In a season filled with few ups that were tucked away within more downs, the Phillies certainly had some bright spots.
Which players saw their stock rise the most? On the flip side, who took the biggest hit?
All he did was lead the team with a .294 average and put an end to any discussion that he should hit the bench in favor of J.P. Crawford. Hernandez batted well over .300 over the final two months, including a monster month of September that saw him knock in 22 runs. The Phillies will find a way to play him in 2017.
A bit of a surprise, Asher came in and started just five games, but definitely left an impression while making a strong case for next season. He went 2-1 with a 2.28 ERA while striking out 13 guys compared to just four free passes. His three quality starts, too, should serve well for him when vying for a spot in the spring.
Talk about showing up at an opportune time. Rupp played over 100 games for the first time in his career, batting .252 with 54 RBI and 16 RBI. The 28-year-old could feel guys like Jorge Alfaro creeping up within the organization and went out and produced at a respectable clip. Will it be enough to keep him starting next season? Spring training will decide that, but right now, the ticker is pointing up for the Texas native.
Huh? No, his stock in Philadelphia didn’t change, but his prospectus heading into free agency should improve. Any American League team in need of a designated hitter will take a look at the 36-year-old. He won’t ever be an average hitter, he may never eclipse .240 again, but his 25 home runs were more than he had since 2011. His 59 RBI weren’t where they normally be, but seeing his power swing come back has to help his cause for a one-year deal.
Like Howard, Hellickson improved his free agency value. Unlike Howard, he did it in grand fashion. Hellickson was the team’s best pitcher, looked dominant at times, and is all but certain to receive a healthy contract this winter.
With Crawford scratching at the surface for a spot on the Opening Day roster next spring, Galvis didn’t do himself any favors this season. His .241 average was 20 points lower than 2015, and his on-base percentage also took a hit by almost 30 points. His defense remained reliable, but his bat won’t keep him in the lineup.
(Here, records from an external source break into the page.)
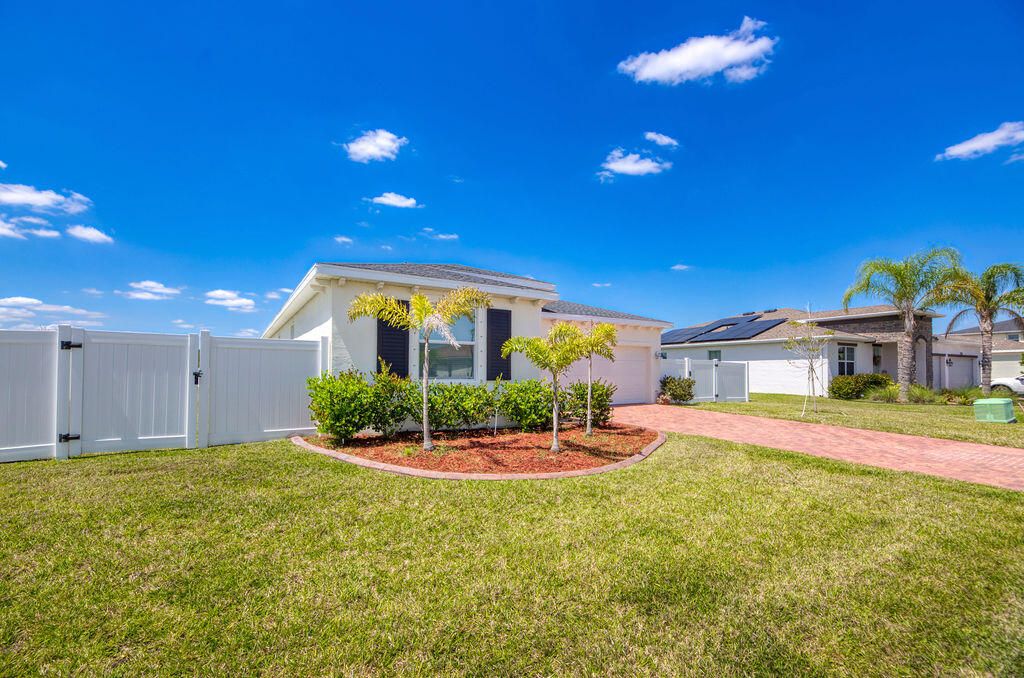 Photo of 7568 NW Deysbrook Lane, Port Saint Lucie, FL 34987 (MLS # R11085191)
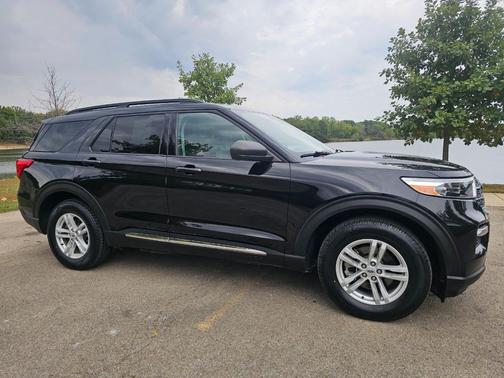 2021 Ford Explorer XLT 4WD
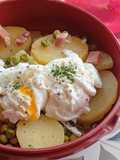 Patatas en Salsa Verde con Jamón y Huevo Escalfado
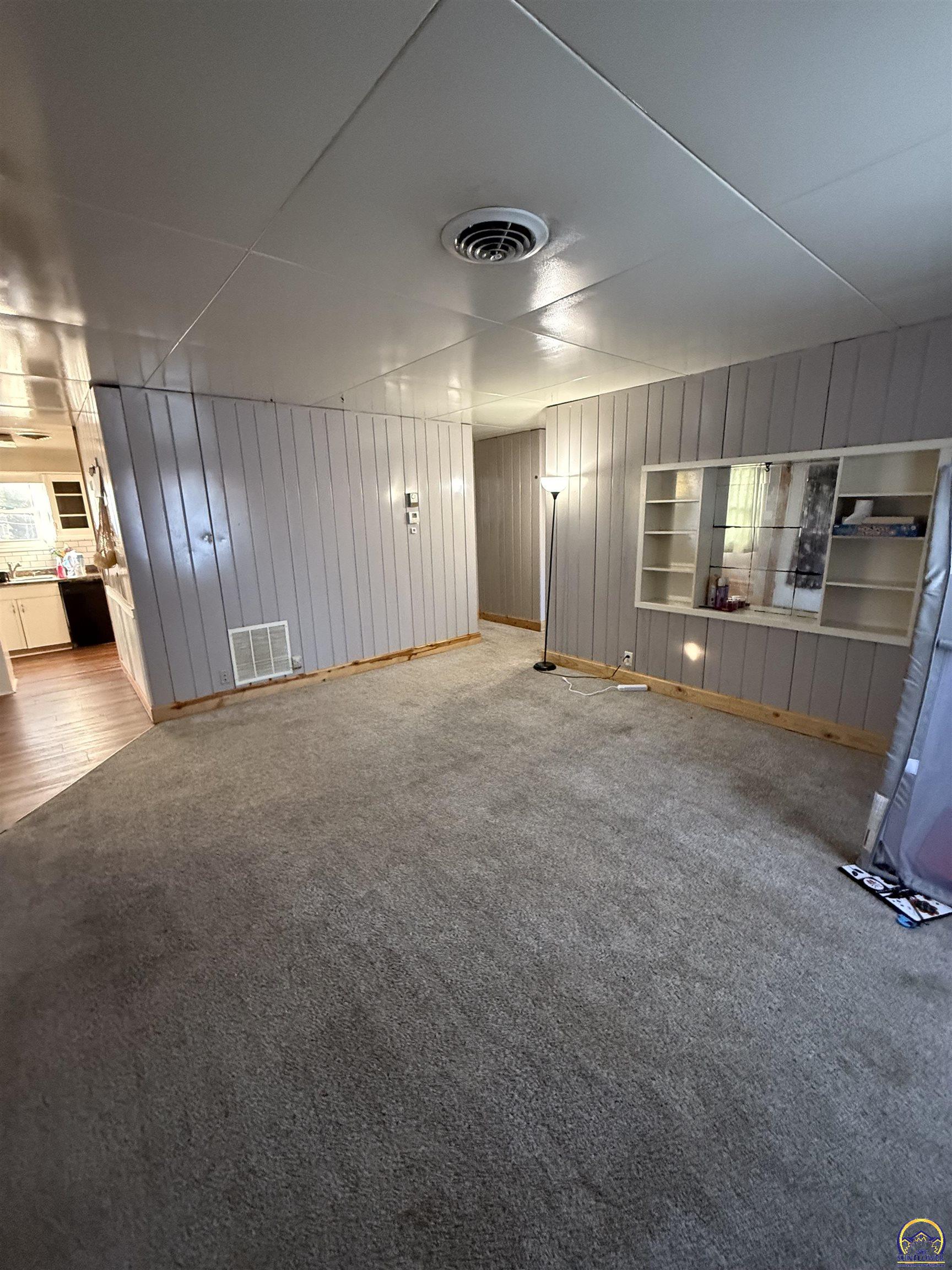 3505 Southwest 10th Avenue Topeka, KS 66604 - Photo 3 of 33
This was a complete 180. At the midway point, he was among the top closers in baseball with 24 saves. His numbers post-All Star break were dismal. He had an 8.33 ERA in 31 appearances, blowing four saves. He was only able to close out 13 games in the second half. Gomez looked as though he cemented himself as the closer for next season – that changed.
Perhaps not expected to do a whole lot this season, Goeddel didn’t do a whole lot in his first run with the club. He played well in the field, but didn’t prove anything with his bat, collecting a .192 average in 213 at-bats.